– Today marks the 10 year anniversary of the Information Technology Agreement. This agreement enabled the technology led expansion of the last decade. Don’t believe us? Check out this bit of information from a great article on the impacts of this free trade agreement:
What impact did all this have on the U.S.? The best way to answer is in terms of productivity, which is the single most important metric to gauge the standard of living for any country. From 1973 to 1995, output per worker hour in the nonfarm business sector grew at just 1.35% per year. Then in 1995, productivity growth began to accelerate. From 1996 through 2006 it doubled, to an average annual rate of 2.7%.
The importance of this productivity acceleration is difficult to overstate. At the previous generation’s growth rate, average living standards required 52 years to double. At the current growth rate, average living standards need just 26 years to double. This carries profound implications for the well-being of all Americans.
It’s this type of growth that makes America the richest nation in the world. This is why our definition of poverty includes households that own multiple tv’s and have air conditioning. And free trade doesn’t only enrich America, it raises the standard of living of every country that engages with America in these sorts of free trade pacts. It’s why Hong Kong is richer than mainland China and why Taiwan, Japan, and South Korea exploded economically over the last 20-30 years.

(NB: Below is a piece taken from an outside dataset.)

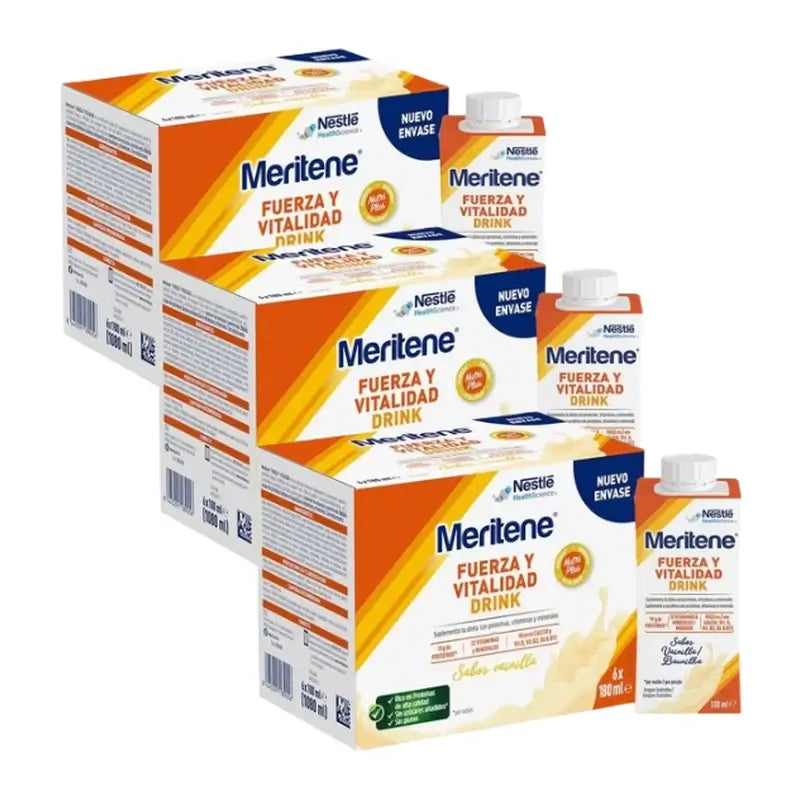 Meritene Strength & Vitality Drink Vanilla Pack 3 x 6 x 180 ml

We should all be free traders and sometimes we wonder that we’re not. And then we walk past that pesky “Fairtrade” cafe at school. To see what else we’ve posted about free trade & business click here, here, here, here, and here.
– Check out this great defense of the oil industry. These guys are politicians’ favorite punching bag and it’s a shame they even need a public defense. From the article:
There are two American oil industries. One exists only in the minds of its critics, many of whom are politicians. When prices and profits rise, as happens in a cyclical business, the critics demand new antitrust and other legislation. When prices and profits inevitably fall? Silence.
The other American oil industry exists in the real world. It’s intensely competitive, innovative and subject to more scrutiny and tougher antitrust enforcement than any other segment of the economy. And it’s adept at meeting the diverse and dynamic needs of American consumers.
They endured 15 years of below average profits, finally have a few good years, and now Congress wants to nail them for “price gouging.” Does anyone even know what that is? Then, rather than easing regulations that would speed up exploration for new oil supplies (and alleviate our dependence on Middle East oil) or build new refineries, Congress adds more hoops (ethanol, anyone?). All of this combines to make gas more expensive. It’s a testament to the market and oil companies themselves that the price of gas has remained relatively low. In fact, when taking inflation into account, the price of gasoline has experienced only mild increases since Americans first started putting it into their Model T’s.